Bagikan:

JAKARTA - Majelis hakim Pengadilan Tipikor pada Pengadilan Negeri Jakarta Pusat menjadikan hinaan dan makian masyarakat terhadap Juliari Peter Batubara sebagai pertimbangan meringankan dalam putusan kasus suap pengadaan bansos.

Poin pertimbangan meringankan itupun menimbulkan pertanyaan dari berbagai pihak.

Menanggapi perihal tersebut, Humas Pengadilan Negeri Jakarta Pusat Bambang Nurcahyo menyebut, salah satu alasan penggunaan poin pertimbangan itu untuk mengedepankan asas praduga tak bersalah.

"Itu adalah untuk menjaga asas praduga tidak bersalah.
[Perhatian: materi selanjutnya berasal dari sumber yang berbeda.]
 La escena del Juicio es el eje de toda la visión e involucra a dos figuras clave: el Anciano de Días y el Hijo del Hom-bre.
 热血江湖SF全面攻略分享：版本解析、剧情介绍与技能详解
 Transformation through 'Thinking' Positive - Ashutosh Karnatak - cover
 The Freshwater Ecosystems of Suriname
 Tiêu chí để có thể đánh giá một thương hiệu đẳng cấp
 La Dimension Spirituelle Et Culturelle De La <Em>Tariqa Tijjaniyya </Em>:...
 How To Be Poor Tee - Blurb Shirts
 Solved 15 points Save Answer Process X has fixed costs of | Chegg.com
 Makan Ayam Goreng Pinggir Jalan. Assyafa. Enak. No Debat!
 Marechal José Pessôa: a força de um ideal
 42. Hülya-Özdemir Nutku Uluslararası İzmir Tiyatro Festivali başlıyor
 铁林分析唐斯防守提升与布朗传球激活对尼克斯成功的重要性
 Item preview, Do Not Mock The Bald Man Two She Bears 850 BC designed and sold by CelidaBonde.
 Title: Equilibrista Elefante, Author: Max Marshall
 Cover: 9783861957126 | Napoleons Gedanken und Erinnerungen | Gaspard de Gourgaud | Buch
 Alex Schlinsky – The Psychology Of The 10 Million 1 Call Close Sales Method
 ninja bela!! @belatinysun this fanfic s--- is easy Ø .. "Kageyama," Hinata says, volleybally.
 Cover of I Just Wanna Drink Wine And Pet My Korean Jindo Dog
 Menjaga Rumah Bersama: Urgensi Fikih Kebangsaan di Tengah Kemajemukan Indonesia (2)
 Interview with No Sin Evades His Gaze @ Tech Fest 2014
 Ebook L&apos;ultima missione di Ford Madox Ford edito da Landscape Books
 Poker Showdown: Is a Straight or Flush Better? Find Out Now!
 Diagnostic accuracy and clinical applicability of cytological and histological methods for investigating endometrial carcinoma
Jadi, harus dibaca poin 2 itu adalah satu kesatuan sebelum itu mempunyai hukum yang tetap, jadi untuk menjaga asas praduga tidak bersalah, before the law sebelum mempunyai kekuatan hukum yang tetap," ucap Bambang kepada wartawan, Selasa, 24 Agustus.

Kemudian, Bambang juga menyebut dalam membuat putusan majelis hakim haruslah bersikap objektif. Termasuk memikirkan hak-hak terdakwa yaitu asas praduga tak bersalah.

"Majelisnya ingin menerapkan bahwa seorang itu sebelum mempunyai kekuatan hukum tetap asas praduganya harus kita lindungi walaupun dalam tanda kutip tahu salah tapi kan pengadilan pintu gerbang untuk membuktikan itu bersalah atau tidak," kata dia.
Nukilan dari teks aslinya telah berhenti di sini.